The German doing the benefit/cost analysis of his enormously expensive electricity would (or should) recoil with horror and anger at the environmental benefit his expensive electricity fetched. France in 2011 generated 537.3 billion kWh (see Electricity Information 2013, page 451 of the PDF). Only 51.8 billion kWh was generated with combustible fuels; the overwhelming bulk of French power in 2011—421.1 billion kWh—came out of nuclear plants.
This means the CO2 intensity per kilowatt-hour (CIPK) of French electricity in 2011 was around 70 grams (that is my estimate). Yes, 70 measly grams. How does that compare with Germany’s 540 grams? Do the arithmetic and you see that French electricity was 7.5 times cleaner than German.
So, the German doing his benefit/cost analysis of his country’s full-bore embrace of “green” energy would find that this was the upshot:
German electricity in 2011 was 7.5 times dirtier than French, and more than twice as expensive.
He could be forgiven for wondering exactly why he was being forced to shell out so much money for electricity that is so environmentally destructive.
How would he feel, hearing David Cameron say that the catastrophic Philippines typhoon was caused by global warming, which the IPCC has linked with high confidence to man-made CO2 emissions, like those billowing out of German gas- and coal-fired power plants?
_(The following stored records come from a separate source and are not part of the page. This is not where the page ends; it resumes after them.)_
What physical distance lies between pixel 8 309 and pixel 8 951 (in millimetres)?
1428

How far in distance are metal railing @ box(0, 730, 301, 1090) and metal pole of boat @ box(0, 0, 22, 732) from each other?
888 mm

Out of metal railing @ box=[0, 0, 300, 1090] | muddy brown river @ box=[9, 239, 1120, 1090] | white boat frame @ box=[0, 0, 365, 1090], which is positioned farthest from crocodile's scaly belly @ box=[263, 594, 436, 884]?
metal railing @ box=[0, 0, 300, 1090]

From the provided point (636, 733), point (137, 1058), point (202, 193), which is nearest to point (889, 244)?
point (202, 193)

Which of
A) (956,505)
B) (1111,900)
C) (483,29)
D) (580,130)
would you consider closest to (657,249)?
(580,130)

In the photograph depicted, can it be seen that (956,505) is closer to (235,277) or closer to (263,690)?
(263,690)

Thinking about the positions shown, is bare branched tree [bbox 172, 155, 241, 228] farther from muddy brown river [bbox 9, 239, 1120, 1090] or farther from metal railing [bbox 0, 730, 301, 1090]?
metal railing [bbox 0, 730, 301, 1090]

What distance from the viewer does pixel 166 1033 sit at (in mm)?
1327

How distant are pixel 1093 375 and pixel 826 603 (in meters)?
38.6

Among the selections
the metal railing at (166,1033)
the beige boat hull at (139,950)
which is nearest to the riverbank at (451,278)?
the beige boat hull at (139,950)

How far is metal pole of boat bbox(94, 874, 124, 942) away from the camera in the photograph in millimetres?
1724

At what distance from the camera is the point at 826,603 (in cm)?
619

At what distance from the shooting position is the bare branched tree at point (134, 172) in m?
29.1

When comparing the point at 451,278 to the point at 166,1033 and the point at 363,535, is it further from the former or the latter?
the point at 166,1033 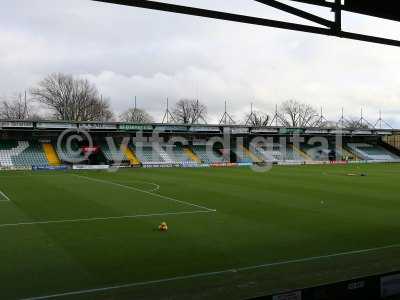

If this gets out, I would not want to be a German politician who had forced “green” energy onto the country, on the false promise that “green” means clean. Green is not clean. It is horrendously and embarrassingly dirty, and expensive. Germans are paying hard-earned money needlessly so their government can pretend it is green. And, according to David Cameron, thousands of human beings in the Philippines are paying with their lives.
When I divide 540 by 70, I get 7.8-something, not 8.5.
you are right, it’s 7.5 not 8.5. I made the mistake of comparing Germany’s total electricity-related CO2 emissions in 2011 (~325 million tons) with France’s (~38 million) instead of comparing CIPK with CIPK.
Thanks
So looking at my bill and doing a direct comparison to Ontario residential rates, would I include debt retirement charges? Reg charges? Delivery and G.A. ? What about Clean Energy Ben.?
I would imagine it’s based on an “all in” approach. Take the total kWh on your bill, divide by the total charge over the same period, compare that with the OECD figure.
At least I hope it’s based on “all in.” I shudder to think of what a German’s power bill is if only the electricity costs are 33 cents and the other charges are on top of that.
“would I include debt retirement charges? Reg charges? Delivery and G.A. ? What about Clean Energy Ben.?”
Definitely all-in, *including* HST. In Europe everything is quoted tax-in.
What number do you come up with? I’m burning 13 kWh/day now (going down as we speak as I deploy my new Cree light bulbs) and seem to be paying around 14.4 cents pre-tax – but I haven’t seen a bill in ages.
I’m at about 18 cents per ( I’m in small town Ont) and that’s also pre-tax. The bill’s all wrapped up with water charges as well. So basically Germans are paying double what we are and we’re (Ont) considered high in N America.
That’s right — Germans are paying double the Ontario rate, and what are they getting in return? Their power is five times as dirty as ours! They dumped 325 million tons of CO2 into the air in 2011 from power generation. So much for all that wind, solar, and conservation.
Their power is five times as dirty as ours because wind/solar can’t possibly meet the demand of a modern power system running a modern economy, and conservation has no effect on people’s demand for power.
So they’re paying ridiculously high prices for dirty power. That’s called getting ripped off.
Steve:
The evidence continues to pile up that the Green Party has been a rather cleverly disguised fossil fuel promotion party. Seen with that lens, the EnergieWende has been extraordinarily successful at accomplishing the objectives of its true architects.
For now, you and I are in the minority. Many people continue to agree that the emperor’s non-existent clothes are actually rather fashionable and flattering.
Someday soon, however, more and more people will stop denying reality and begin proclaiming that they have been aware of the fiction for years but were afraid to come forward.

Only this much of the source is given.